The flow block diagram of Mel feature extraction for the four types of simulated target echoes is shown in Figure 2. Firstly, the purpose of framing and pre-emphasis is to compensate for the loss of high-frequency components and boost the high-frequency components; then the FFT transformation is performed on each frame signal; finally the Mel-Spectrogram is obtained after calculating Mel frequency and energy spectrum. The signal is filtered through a set of filters, and the Mel spectrum is obtained by calculating the logarithmic energy of each filter. The transformation equation from the frequency domain to the Mel domain is (1).

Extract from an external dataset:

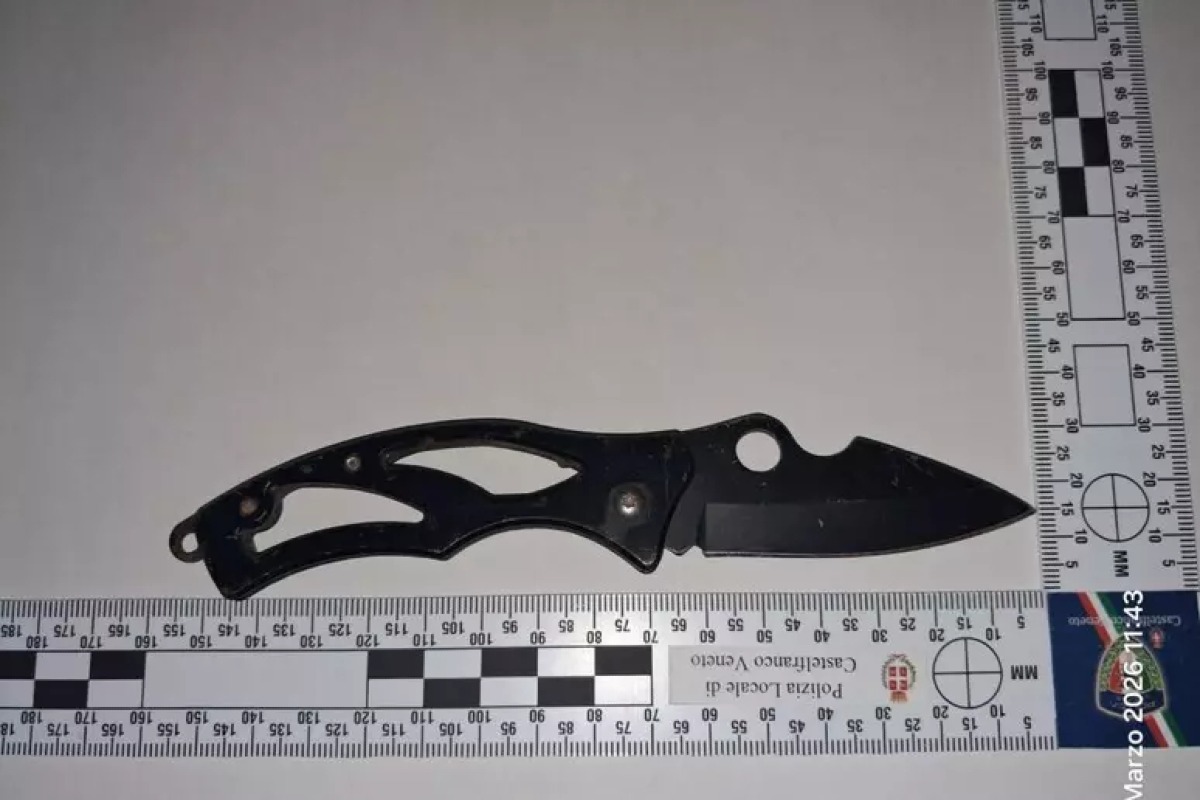 Armi bianche nascoste nel campo sportivo: scatta il sequestro -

$$\mathrm{Mel}\left(f\right)=2595\ast lg(1+\frac{f}{700})$$

(1)

The Mel-Spectrogram is a two-dimensional visual plane diagram that can reflect the change of the Mel-Spectrogram with time. The horizontal ordinate of the Mel-Spectrogram represents the time, and the vertical ordinate represents the frequency. The gray value of each pixel represents the signal energy density of the corresponding frequency at a certain time.The parameters for Mel spectrum analysis in this paper are set as follows: sampling frequency, Fs = 50 kHz; number of the fast Fourier transform points, NFFT = 512; and number of Mel filters, 26.Rotate counterclockwise each type of target through 360 degrees to obtain 4 × 360 sets of echoes. According to the actual irradiation angle of the sonar, we select the echoes of specific angles for Mel spectrum transformation. The obtained 544 Mel-Spectrogram are randomly divided into three subsets: the training set has 380 images (about 70%), the validation set has 84 images (about 15%), and the rest of the images are used as the test set. The model was run on a desktop workstation with AMD Ryzen 9 3990X CPU, 3070 GPU, 64G of RAM, and Windows 10 as the operating system.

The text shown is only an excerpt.